Meaning of Brahmana
The word Brahmana means first a single explanation or utterance of a learned priest, of a doctor of the science of sacrifice, upon any point of the rituals. Used collectively, the word means, secondly, a collection of such utterances and discussions of the priests upon the science of sacrifice. For although the Brahmanas fortunately contain much that has only a distant reference to the sacrificial cult, for instance, cosmogonic myths, ancient legends and narratives, yet the sacrifice is the one and only theme from which all the discussions start, on which everything hinges. It is believed that several Brahmins from 600 BC onwards have authored these textbooks on rituals and prayers. Again, it is said that later, Ved Vyas, the arranger of the Vedas, has compiled the Brahmanas.
Content of Brahmanas
The Brahmanas deal consecutively with the great sacrifices, which are elaborately discussed in the Vajasaneyi Samhita. They give instructions on the separate rites and ceremonies, attaching to them observations upon the relations of the separate sacrificial acts to each other and to the spells and prayers, partly quoted literally and partly quoted in abbreviated form. To these are added symbolical interpretations and speculative reasons for the ceremonies and their connection with the prayer formulas.
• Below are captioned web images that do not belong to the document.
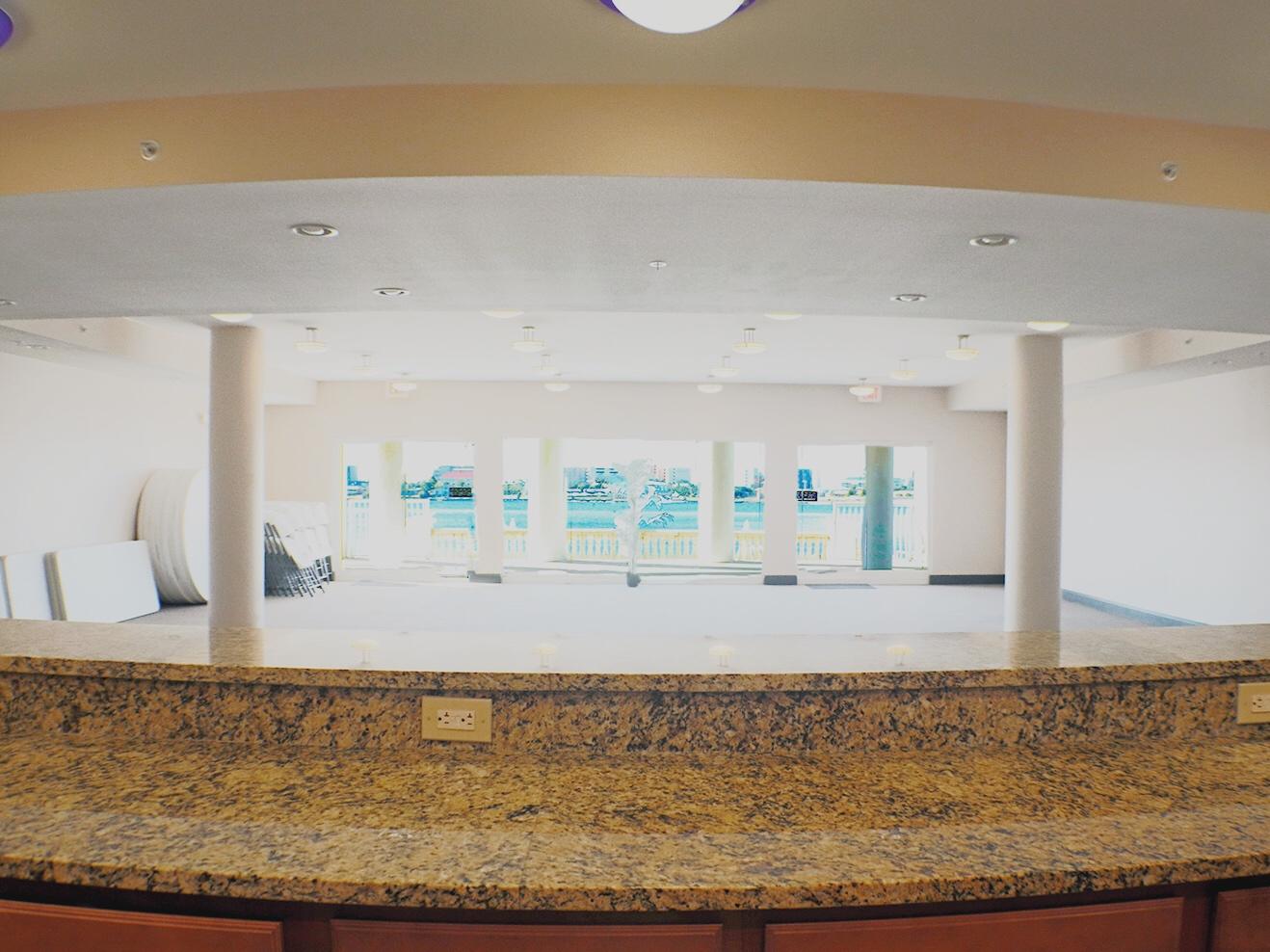 PRESIDIO YACHT CLUB - Residential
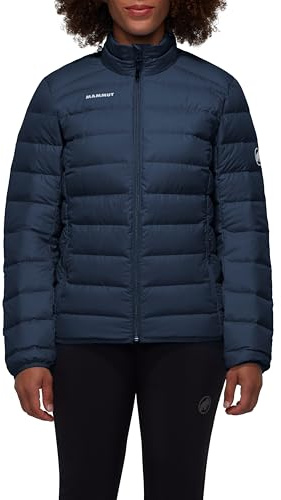 Mammut 1013-03350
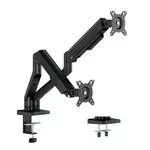 Настольная стойка iTech LDT117-C024E (UA)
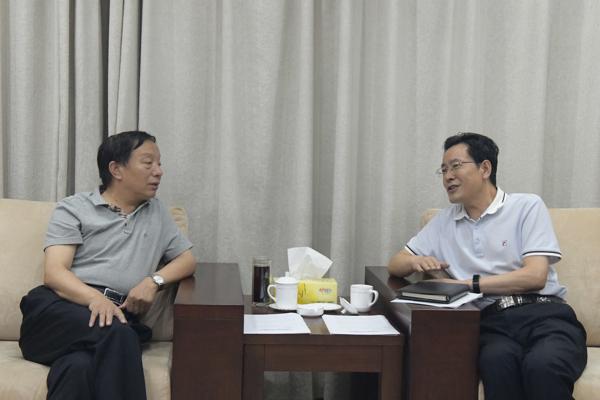 DSC_4301_爱奇艺.jpg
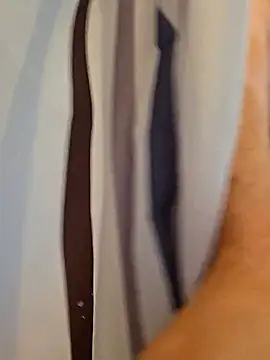 the_Milk_Man's Live XXX Chat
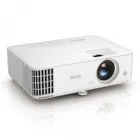 Business 1 image AUSSIE LAMP CENTRE projector hire sydney in Melbourne VIC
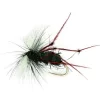 Fulling Mill Aero Red Legs B/L -Flies Sales Store aero red legs bl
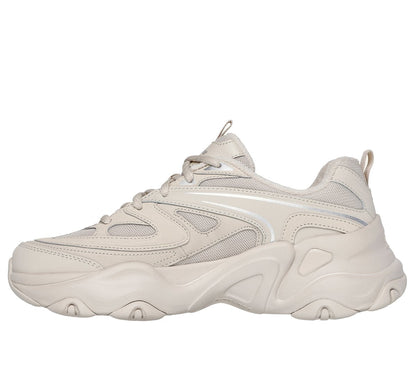 D'Lites 5.0 - Breaking Rules Shoes | Women Skechers online shop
In the concluding parts of Brahmana, the doctrines of Upanishad are found. The Vedanta traditions refer Upanishad as the 'Sruti Prasthana' i.e., revealed scripture from which knowledge of 'the Brahmana' is obtained. They also explain the Hindu Philosophy and also introduce concepts of Karma, 'Samsara'. The Brahmana also establishes the four stages in the life of a Brahmin such as 'Brahmacharya', 'Grihastha', 'Vanaprastha', 'Sanyasa' and mystical notions presaging Vedanta philosophy.
The Brahmanas are indispensable to the understanding of the whole of the later religious and philosophical literature of India, and highly interesting for the general science of religion. The Brahmanas are invaluable authorities to the student of religion, for the history of sacrifice and of priesthood.